Taxes Prove I’m Wrong About IUL as an Asset Class
In my article, I had an example of a 45-year old who could fund a brokerage account to build wealth vs. an IUL (although my opinion is to take a multiple bucket approach to building wealth where IUL is just one of several buckets).
$15,000 a year in premium into the IUL and to fund the brokerage account. 6% rate of return and cash flow for 20 years starting at age 65 (IUL cash flow is tax-free and the brokerage account cash flow is net of taxes).
Brokerage account: 1.2% mutual fund expense but NO money management fee.

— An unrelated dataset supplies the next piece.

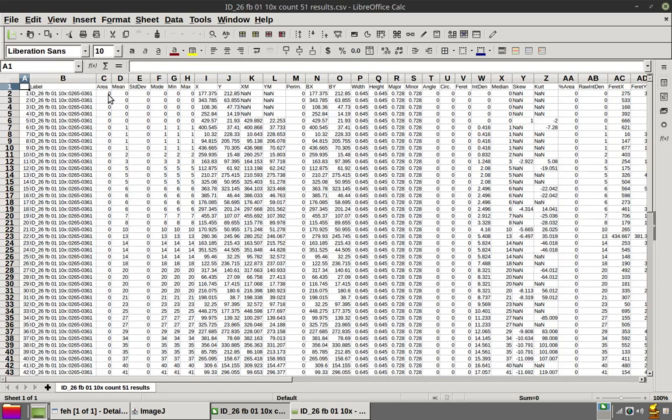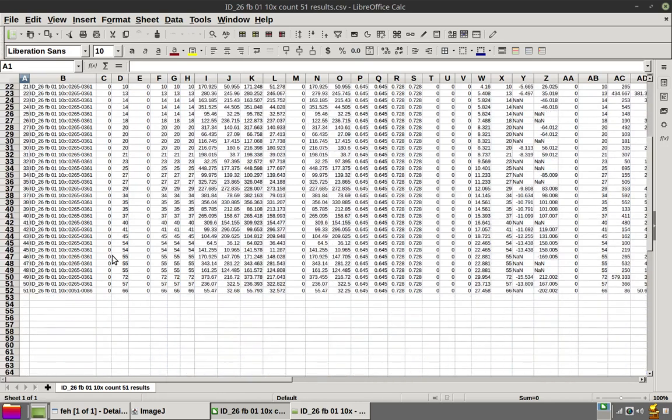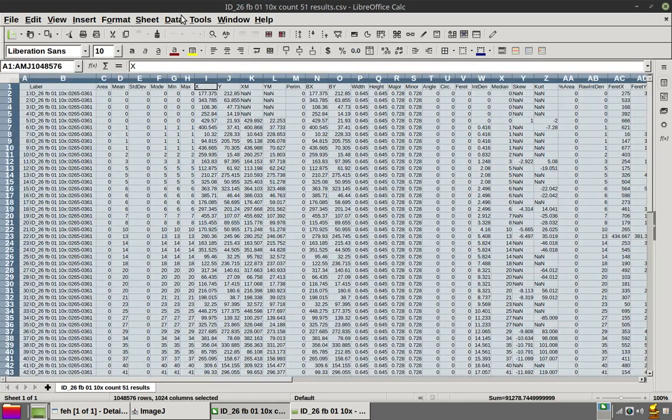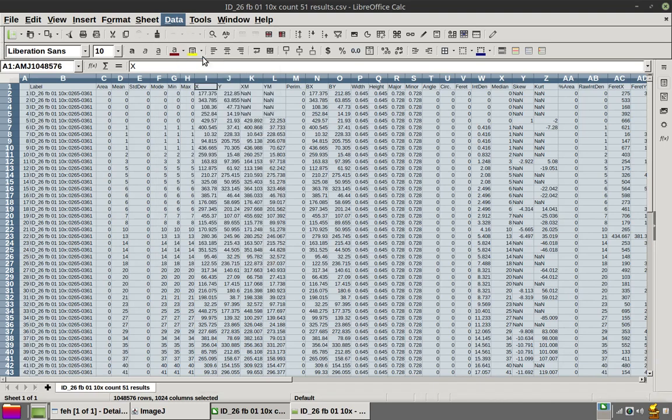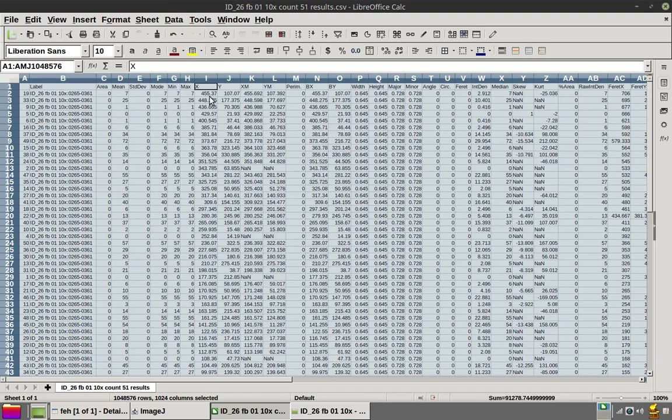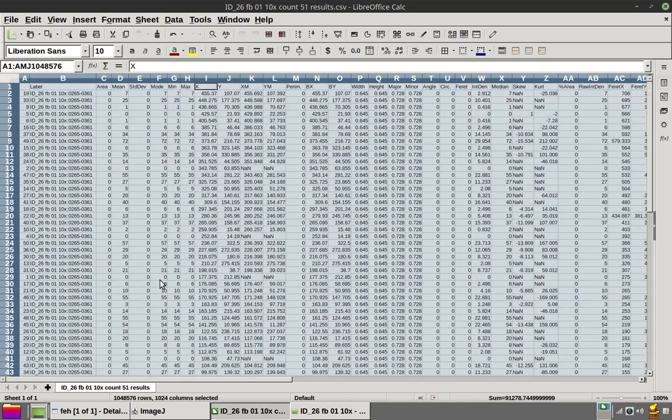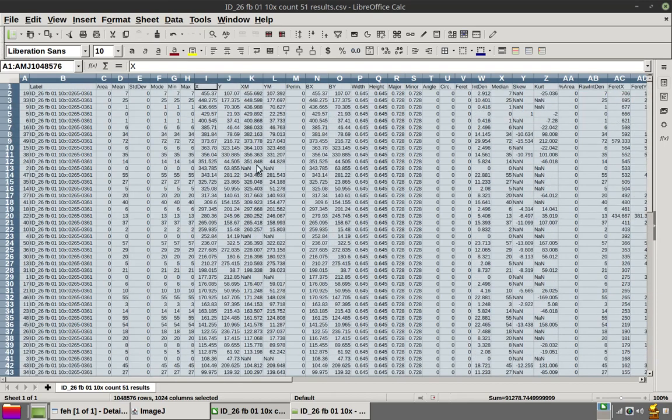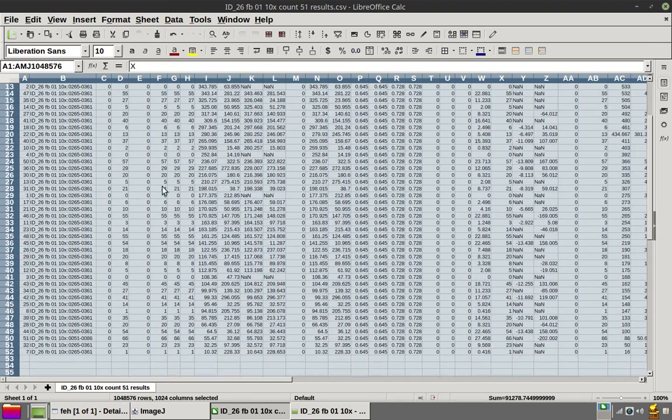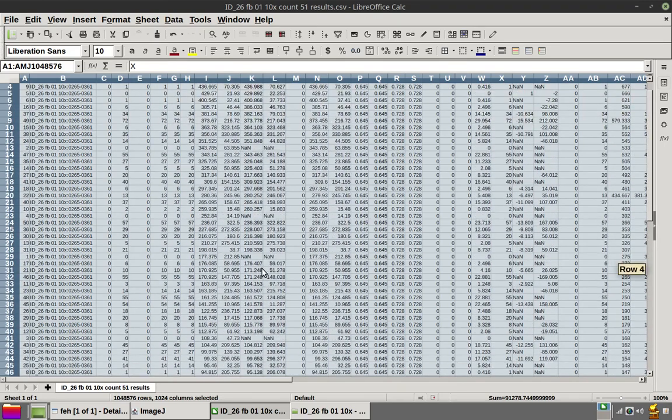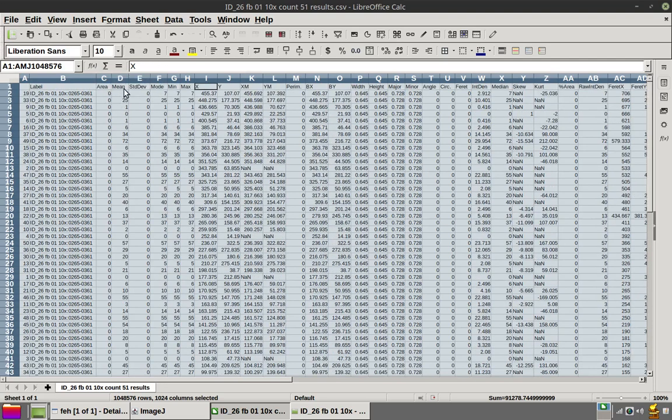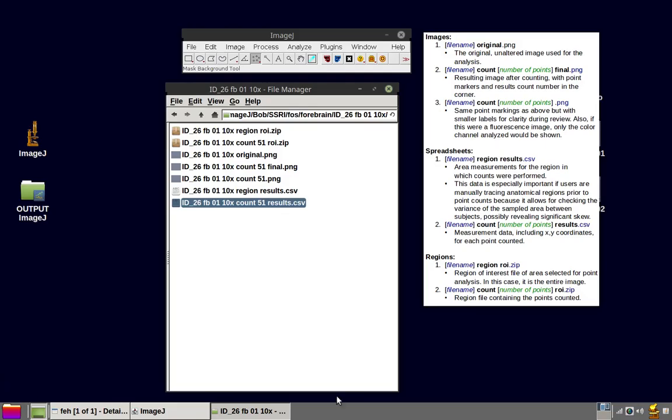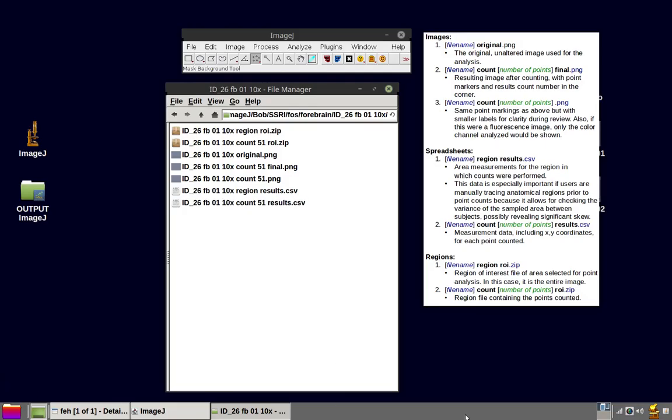This is currently being sorted by area. But if we were to sort this by the x-axis, the values begin to seem more plausible in terms of mean.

The big variable and the reason for the newsletter is the tax-drag annually on the brokerage account. For years I’ve used a rate that was too low. After really digging into the research of what is typical, I came to the following conclusion for the average tax-drag:
- Mutual funds* 1.52%
- Index funds* 1.41%
Download the following two examples and review the numbers yourself:
- Mutual fund comparison where I only use a 0.7% tax-drag
- Mutual fund comparison where I only use a 1.5% tax-drag
For those who want to say that a brokerage account should return more than the 6% I illustrated, first I’d say that the IUL (using historical numbers) should be in excess of 7%, but I like to illustrate it in a conservative manner.
I ran a second set of numbers using the same tax-drag as 1) and 2) above, but used an 8% gross rate of return.
The bottom line is that if you understand fairly basic math, it’s tough to argue that IUL is an asset class that should be considered for clients under 60 and one that is a nice tax-hedge to protect clients from increasing taxes.
*The mutual and index fund data is for large blends and came from YCharts.